Trying to use a large file with .WithResourceMapping results in an IOException stating that the stream is too long. The file I'm copying is a few gigabytes in size.
Relevant log output
System.IO.IOException: Stream was too long.
at System.IO.MemoryStream.Write(Byte[] buffer, Int32 offset, Int32 count)
at System.IO.MemoryStream.WriteAsync(Byte[] buffer, Int32 offset, Int32 count, CancellationToken cancellationToken)
--- End of stack trace from previous location ---
at ICSharpCode.SharpZipLib.Tar.TarBuffer.WriteRecordAsync(CancellationToken ct, Boolean isAsync)
at ICSharpCode.SharpZipLib.Tar.TarBuffer.WriteBlockAsync(Byte[] buffer, Int32 offset, CancellationToken ct, Boolean isAsync)
at ICSharpCode.SharpZipLib.Tar.TarOutputStream.WriteAsync(Byte[] buffer, Int32 offset, Int32 count, CancellationToken cancellationToken, Boolean isAsync)
at System.IO.Stream.<CopyToAsync>g__Core|27_0(Stream source, Stream destination, Int32 bufferSize, CancellationToken cancellationToken)
at System.IO.Strategies.BufferedFileStreamStrategy.CopyToAsyncCore(Stream destination, Int32 bufferSize, CancellationToken cancellationToken)
at DotNet.Testcontainers.Containers.TarOutputMemoryStream.AddAsync(DirectoryInfo directory, FileInfo file, UnixFileModes fileMode, CancellationToken ct) in /_/src/Testcontainers/Containers/TarOutputMemoryStream.cs:line 145
Additional information
No response
Thanks for creating the issue.

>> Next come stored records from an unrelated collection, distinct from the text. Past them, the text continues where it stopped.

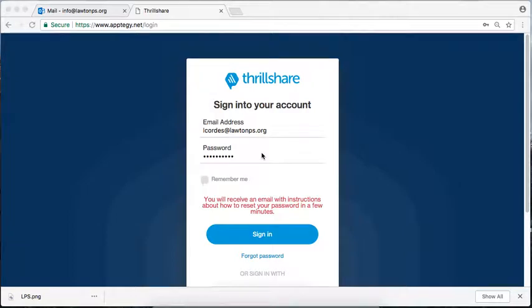Hello and welcome. Thank you for joining me today as we learn how to set up your ThrillShare account. This is the first of several videos in which we'll go through so that you can learn how to edit your website or to actually send out notifications for your school.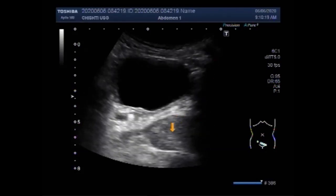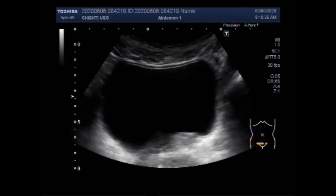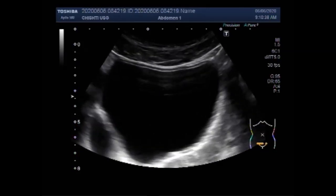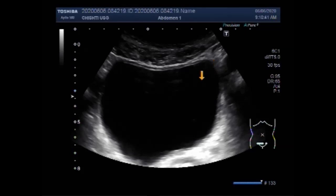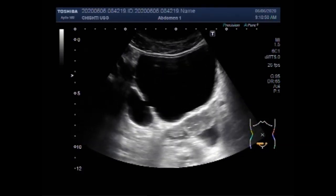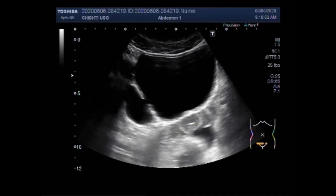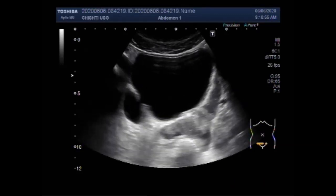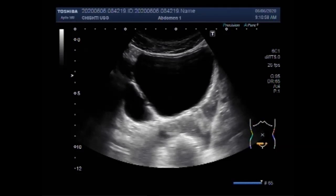Now you will see this is the prostate, and now you are going to see the diverticulum of the urinary bladder. A diverticulum is a pouch in the bladder wall that a person may either be born with — that is congenital — or get later, which is acquired. A congenital bladder diverticulum forms when some of the bladder lining pokes through a weak part in the bladder wall. With acquired diverticulum, many pouches often form.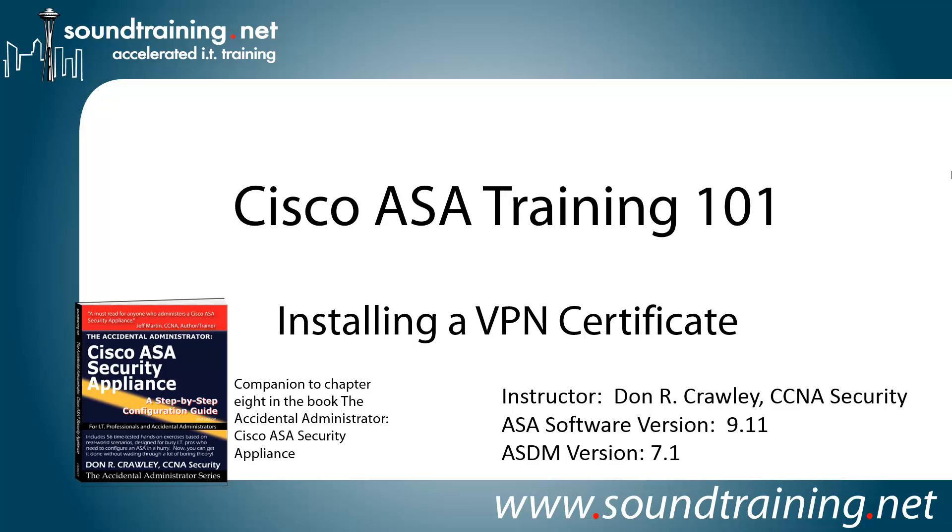Hello and welcome to Cisco ASA Training 101. My name is Don Crawley. I'm from SoundTraining.net, the Seattle, Washington-based publisher of learning resources and provider of accelerated training for IT professionals.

It looks like that it fails copying the file stream content to the underlying SharpZipLib stream.
https://github.com/testcontainers/testcontainers-dotnet/blob/ac58b9f28cceb5b9db6f30e86ea3a9dae37e3bbb/src/Testcontainers/Containers/TarOutputMemoryStream.cs#L145-L146
How large are a few gigabytes? It should not be difficult to reproduce, I guess 😬. I can try to reproduce it later the day.

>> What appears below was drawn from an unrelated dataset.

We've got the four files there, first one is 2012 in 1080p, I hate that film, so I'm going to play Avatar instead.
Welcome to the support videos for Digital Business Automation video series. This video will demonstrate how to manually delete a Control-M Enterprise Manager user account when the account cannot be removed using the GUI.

I did not remember the actual implementation, but after spending a few minutes looking at it, the exception and error you are seeing make sense. The maximum size of a MemoryStream object is approximately 2GB (2,147,483,591 bytes).
public sealed class GitHub : IResourceMapping
{
public MountType Type => MountType.Tmpfs;
public AccessMode AccessMode => AccessMode.ReadOnly;
public string Source => "foo";
public string Target => "foo";
UnixFileModes IResourceMapping.FileMode => Unix.FileMode755;
[Fact]
public async Task Issue1180()
{
using var memoryStream = new MemoryStream();
// using var fileStream = new FileStream(Target, FileMode.CreateNew, FileAccess.Write, FileShare.Read);
using var tarOutputMemoryStream = new TarOutputMemoryStream(memoryStream, NullLogger.Instance);
await tarOutputMemoryStream.AddAsync(this);
}
Task IFutureResource.CreateAsync(CancellationToken ct)
{
return Task.CompletedTask;
}
Task IFutureResource.DeleteAsync(CancellationToken ct)
{
return Task.CompletedTask;
}
Task<byte[]> IResourceMapping.GetAllBytesAsync(CancellationToken ct)
{
// https://learn.microsoft.com/en-us/dotnet/api/system.array.
const int maxArrayDimension = 2147483591;
return Task.FromResult(new byte[maxArrayDimension]);
}
}
This example demonstrates it very well. If you change the MemoryStream to a FileStream (you will need to adjust the TarOutputMemoryStream ctor), the issue no longer occurs. Storing that amount of data in memory does not make a lot of sense. Streaming it would be more efficient, but at this point, I have no idea how to forward the data internally without taking a closer look at it. Right now, I assume supporting files larger than 2GB (total tarball size) will require some more work than I initially thought.
I've only glanced at the implementation when debugging the issue, but is it possible to determine the size of the files and then choose either file or memory based on that?
is it possible to determine the size of the files and then choose either file or memory based on that?
I do not think that is an appropriate fix. Writing it to a file and then reading it again won't be very performant. I think it is better to properly support and forward a stream.